Exercise objective:
Your answer must be only the lines below from the one containing "Runtime polymorphism is" through the one containing "You can browse", copied exactly, with the pictures left out.

Input material:
<<<<
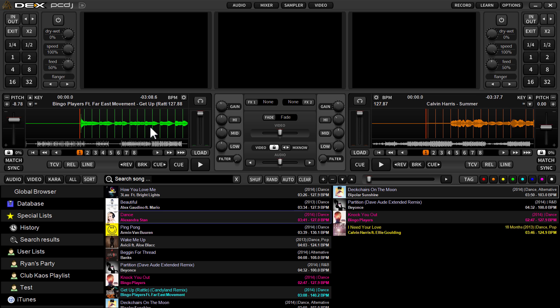Hey, what's up everybody? It's Ryan Scherr here with PCDJDEX3. This is a quick video demonstration of the sync and the start sync function present in DEX3.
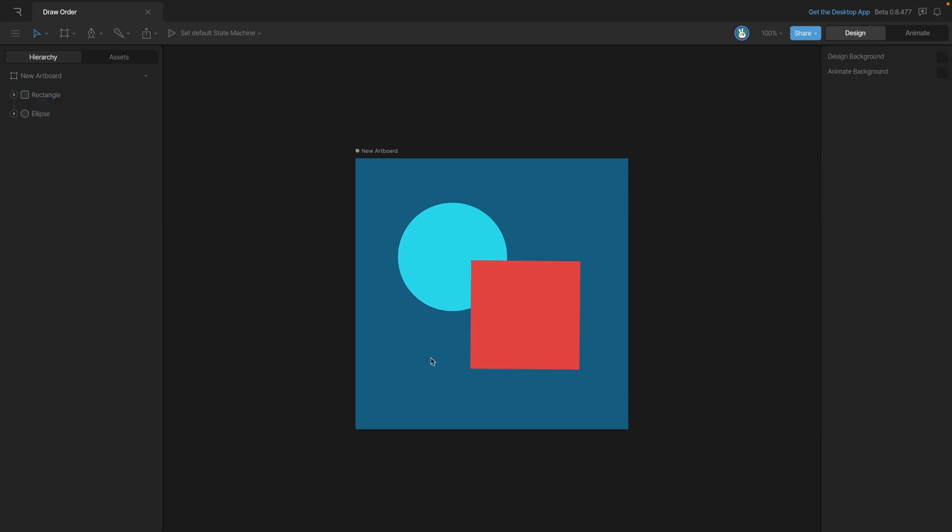There's going to be times where we need to animate our draw order, and for that we're going to need to use custom draw rules. In this case we're going to do something simple - we're just going to make our rectangle appear below our ellipse.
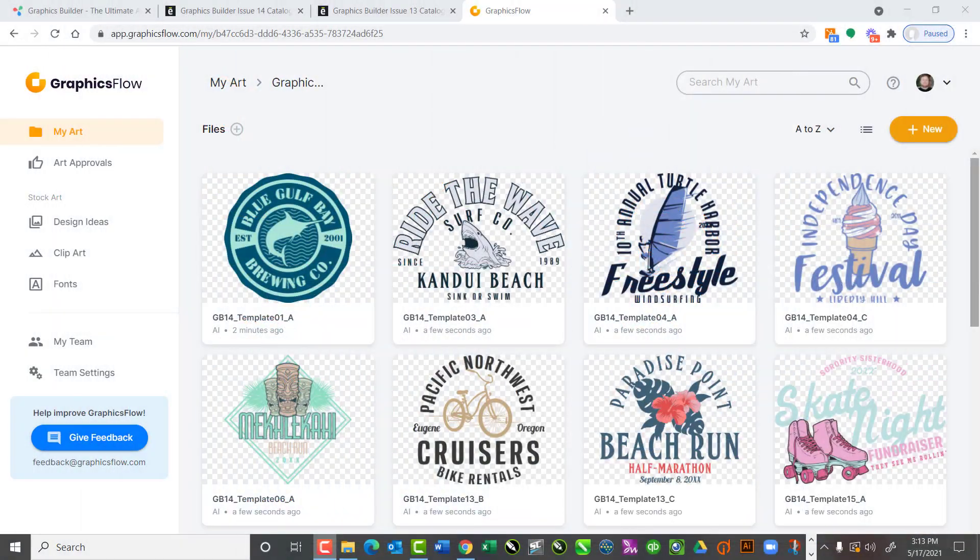Let's talk about pricing. Each Graphics Builder collection is $299. As a special introductory offer, we're offering both collections together for $299 — buy one, get one free. But as a special added bonus, anyone that buys both collections will be sent an email with a promo code to get their first month free of our new Graphics Flow technology.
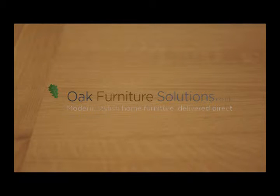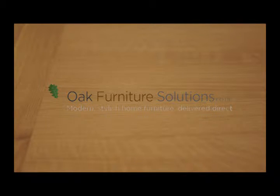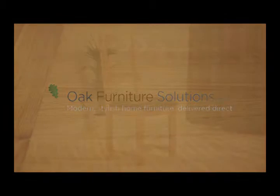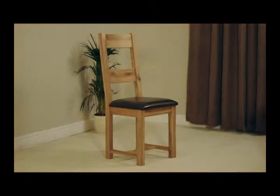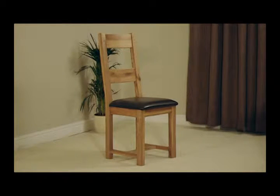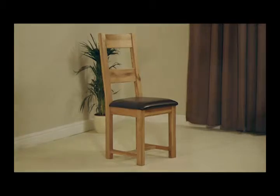The Westbury range is made entirely from high quality reclaimed oak. The Westbury reclaimed oak leather dining chairs are an exceedingly stylish addition to any dining room.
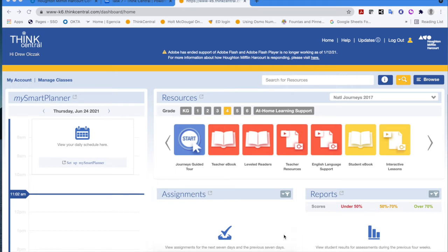Hello everyone and welcome. There are a lot of requests coming in to walk through the process of assigning things for our students inside of HMH1 assessments. I want to point out that there are differences between pushing out digital assessments that live inside of Think Central and the ones that we have available to us inside of HMH1 assessments.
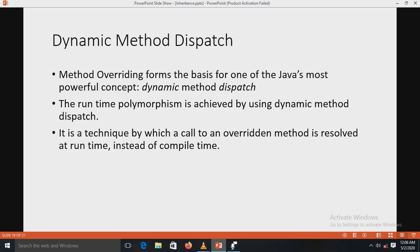Runtime polymorphism is achieved because Java allows a superclass reference variable to refer to a subclass object. Thus Java determines calls to an overridden method at runtime, not compile time. The method to be executed is determined at runtime depending upon the object referred to at the time of the call. When an overridden method is called by a superclass reference, Java resolves which version of the method to use based on the type of the object being referred to at that time.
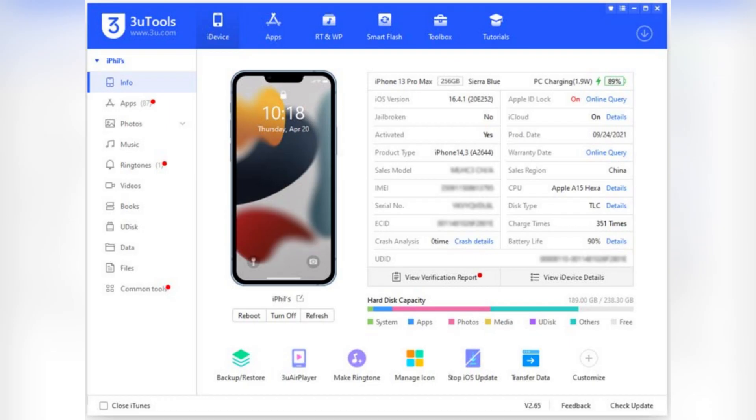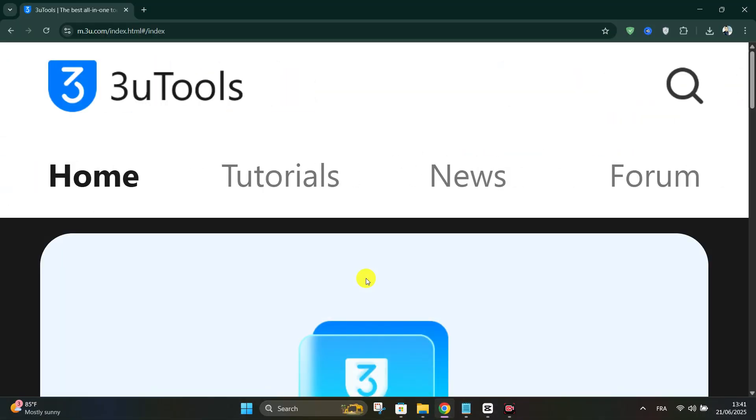You can browse your iPhone's file system, transfer documents and other files, flash firmware to update or downgrade iOS, or jailbreak supported iOS versions.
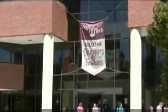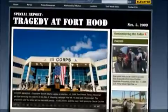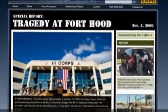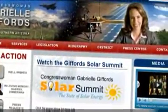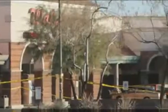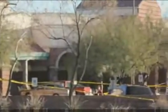Tragedies such as the 2007 mass shooting on the campus of Virginia Tech, the 2009 shooting at the Fort Hood Texas Military Post, and the 2011 attempted assassination of Representative Gabrielle Giffords at a public appearance in Arizona are all examples of active shooter situations. An active shooter is an individual actively engaged in killing or attempting to kill people inside an occupied structure or outside in a populated area.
>>>>
Answer to the exercise:
Runtime polymorphism is achieved because Java allows a superclass reference variable to refer to a subclass object. Thus Java determines calls to an overridden method at runtime, not compile time. The method to be executed is determined at runtime depending upon the object referred to at the time of the call. When an overridden method is called by a superclass reference, Java resolves which version of the method to use based on the type of the object being referred to at that time.
You can browse your iPhone's file system, transfer documents and other files, flash firmware to update or downgrade iOS, or jailbreak supported iOS versions.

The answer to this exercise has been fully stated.